Activity:
The answer must be an exact restatement of all the data.
The data Block Start
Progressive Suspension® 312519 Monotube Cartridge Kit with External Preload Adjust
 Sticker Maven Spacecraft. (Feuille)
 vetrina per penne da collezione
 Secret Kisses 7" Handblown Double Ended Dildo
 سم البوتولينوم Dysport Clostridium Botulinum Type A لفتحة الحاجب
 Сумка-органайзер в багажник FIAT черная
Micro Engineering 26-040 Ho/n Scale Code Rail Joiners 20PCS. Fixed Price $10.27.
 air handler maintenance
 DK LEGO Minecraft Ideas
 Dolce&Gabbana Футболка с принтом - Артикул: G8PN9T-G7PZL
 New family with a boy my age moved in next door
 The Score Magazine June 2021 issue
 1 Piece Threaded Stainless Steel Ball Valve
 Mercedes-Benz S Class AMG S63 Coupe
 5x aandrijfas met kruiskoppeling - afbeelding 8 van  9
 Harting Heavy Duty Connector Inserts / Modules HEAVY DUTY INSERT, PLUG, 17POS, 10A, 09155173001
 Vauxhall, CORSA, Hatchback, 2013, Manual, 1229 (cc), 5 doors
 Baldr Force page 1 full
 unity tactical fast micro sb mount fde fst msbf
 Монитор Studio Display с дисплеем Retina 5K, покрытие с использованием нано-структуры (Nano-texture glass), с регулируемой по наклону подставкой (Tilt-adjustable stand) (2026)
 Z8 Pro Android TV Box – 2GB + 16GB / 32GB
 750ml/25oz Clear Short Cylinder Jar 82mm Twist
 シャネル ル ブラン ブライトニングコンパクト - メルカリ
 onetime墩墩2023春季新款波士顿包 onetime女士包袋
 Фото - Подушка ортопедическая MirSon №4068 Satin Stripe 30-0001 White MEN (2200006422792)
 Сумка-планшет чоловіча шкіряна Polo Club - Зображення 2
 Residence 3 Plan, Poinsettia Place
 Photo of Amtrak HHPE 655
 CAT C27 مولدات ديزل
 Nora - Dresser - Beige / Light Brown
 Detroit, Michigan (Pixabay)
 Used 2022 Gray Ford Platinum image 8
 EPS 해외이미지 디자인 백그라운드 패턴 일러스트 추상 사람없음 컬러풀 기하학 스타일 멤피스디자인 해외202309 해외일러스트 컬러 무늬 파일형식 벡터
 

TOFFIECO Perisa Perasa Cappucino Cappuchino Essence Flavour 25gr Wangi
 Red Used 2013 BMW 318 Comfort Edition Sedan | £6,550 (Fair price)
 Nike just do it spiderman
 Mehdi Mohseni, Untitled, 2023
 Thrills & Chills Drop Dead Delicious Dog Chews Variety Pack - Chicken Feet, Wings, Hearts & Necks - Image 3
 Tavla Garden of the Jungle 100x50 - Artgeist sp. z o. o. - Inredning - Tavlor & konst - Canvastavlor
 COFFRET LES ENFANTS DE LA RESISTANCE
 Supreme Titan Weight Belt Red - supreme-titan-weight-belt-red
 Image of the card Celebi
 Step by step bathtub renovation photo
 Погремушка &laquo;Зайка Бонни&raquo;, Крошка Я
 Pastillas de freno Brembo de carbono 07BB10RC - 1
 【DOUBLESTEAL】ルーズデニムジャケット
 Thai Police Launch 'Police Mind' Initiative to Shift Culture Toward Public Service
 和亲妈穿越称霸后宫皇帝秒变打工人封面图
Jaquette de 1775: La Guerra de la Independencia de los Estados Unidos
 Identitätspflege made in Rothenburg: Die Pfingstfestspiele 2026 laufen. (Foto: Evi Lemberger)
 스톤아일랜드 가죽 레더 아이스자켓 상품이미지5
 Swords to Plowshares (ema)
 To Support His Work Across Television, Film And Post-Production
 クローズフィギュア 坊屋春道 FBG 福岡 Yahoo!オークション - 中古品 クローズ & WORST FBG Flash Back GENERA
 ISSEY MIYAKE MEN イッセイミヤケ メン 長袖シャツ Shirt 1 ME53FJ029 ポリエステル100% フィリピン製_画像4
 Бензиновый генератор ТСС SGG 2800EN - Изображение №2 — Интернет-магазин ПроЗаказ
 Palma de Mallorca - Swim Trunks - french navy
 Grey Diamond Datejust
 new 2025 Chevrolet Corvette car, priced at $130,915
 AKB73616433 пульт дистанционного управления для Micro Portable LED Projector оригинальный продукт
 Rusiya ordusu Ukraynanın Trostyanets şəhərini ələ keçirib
The data Block End
The completed task:
Progressive Suspension® 312519 Monotube Cartridge Kit with External Preload Adjust
 Sticker Maven Spacecraft. (Feuille)
 vetrina per penne da collezione
 Secret Kisses 7" Handblown Double Ended Dildo
 سم البوتولينوم Dysport Clostridium Botulinum Type A لفتحة الحاجب
 Сумка-органайзер в багажник FIAT черная
Micro Engineering 26-040 Ho/n Scale Code Rail Joiners 20PCS. Fixed Price $10.27.
 air handler maintenance
 DK LEGO Minecraft Ideas
 Dolce&Gabbana Футболка с принтом - Артикул: G8PN9T-G7PZL
 New family with a boy my age moved in next door
 The Score Magazine June 2021 issue
 1 Piece Threaded Stainless Steel Ball Valve
 Mercedes-Benz S Class AMG S63 Coupe
 5x aandrijfas met kruiskoppeling - afbeelding 8 van  9
 Harting Heavy Duty Connector Inserts / Modules HEAVY DUTY INSERT, PLUG, 17POS, 10A, 09155173001
 Vauxhall, CORSA, Hatchback, 2013, Manual, 1229 (cc), 5 doors
 Baldr Force page 1 full
 unity tactical fast micro sb mount fde fst msbf
 Монитор Studio Display с дисплеем Retina 5K, покрытие с использованием нано-структуры (Nano-texture glass), с регулируемой по наклону подставкой (Tilt-adjustable stand) (2026)
 Z8 Pro Android TV Box – 2GB + 16GB / 32GB
 750ml/25oz Clear Short Cylinder Jar 82mm Twist
 シャネル ル ブラン ブライトニングコンパクト - メルカリ
 onetime墩墩2023春季新款波士顿包 onetime女士包袋
 Фото - Подушка ортопедическая MirSon №4068 Satin Stripe 30-0001 White MEN (2200006422792)
 Сумка-планшет чоловіча шкіряна Polo Club - Зображення 2
 Residence 3 Plan, Poinsettia Place
 Photo of Amtrak HHPE 655
 CAT C27 مولدات ديزل
 Nora - Dresser - Beige / Light Brown
 Detroit, Michigan (Pixabay)
 Used 2022 Gray Ford Platinum image 8
 EPS 해외이미지 디자인 백그라운드 패턴 일러스트 추상 사람없음 컬러풀 기하학 스타일 멤피스디자인 해외202309 해외일러스트 컬러 무늬 파일형식 벡터
 

TOFFIECO Perisa Perasa Cappucino Cappuchino Essence Flavour 25gr Wangi
 Red Used 2013 BMW 318 Comfort Edition Sedan | £6,550 (Fair price)
 Nike just do it spiderman
 Mehdi Mohseni, Untitled, 2023
 Thrills & Chills Drop Dead Delicious Dog Chews Variety Pack - Chicken Feet, Wings, Hearts & Necks - Image 3
 Tavla Garden of the Jungle 100x50 - Artgeist sp. z o. o. - Inredning - Tavlor & konst - Canvastavlor
 COFFRET LES ENFANTS DE LA RESISTANCE
 Supreme Titan Weight Belt Red - supreme-titan-weight-belt-red
 Image of the card Celebi
 Step by step bathtub renovation photo
 Погремушка &laquo;Зайка Бонни&raquo;, Крошка Я
 Pastillas de freno Brembo de carbono 07BB10RC - 1
 【DOUBLESTEAL】ルーズデニムジャケット
 Thai Police Launch 'Police Mind' Initiative to Shift Culture Toward Public Service
 和亲妈穿越称霸后宫皇帝秒变打工人封面图
Jaquette de 1775: La Guerra de la Independencia de los Estados Unidos
 Identitätspflege made in Rothenburg: Die Pfingstfestspiele 2026 laufen. (Foto: Evi Lemberger)
 스톤아일랜드 가죽 레더 아이스자켓 상품이미지5
 Swords to Plowshares (ema)
 To Support His Work Across Television, Film And Post-Production
 クローズフィギュア 坊屋春道 FBG 福岡 Yahoo!オークション - 中古品 クローズ & WORST FBG Flash Back GENERA
 ISSEY MIYAKE MEN イッセイミヤケ メン 長袖シャツ Shirt 1 ME53FJ029 ポリエステル100% フィリピン製_画像4
 Бензиновый генератор ТСС SGG 2800EN - Изображение №2 — Интернет-магазин ПроЗаказ
 Palma de Mallorca - Swim Trunks - french navy
 Grey Diamond Datejust
 new 2025 Chevrolet Corvette car, priced at $130,915
 AKB73616433 пульт дистанционного управления для Micro Portable LED Projector оригинальный продукт
 Rusiya ordusu Ukraynanın Trostyanets şəhərini ələ keçirib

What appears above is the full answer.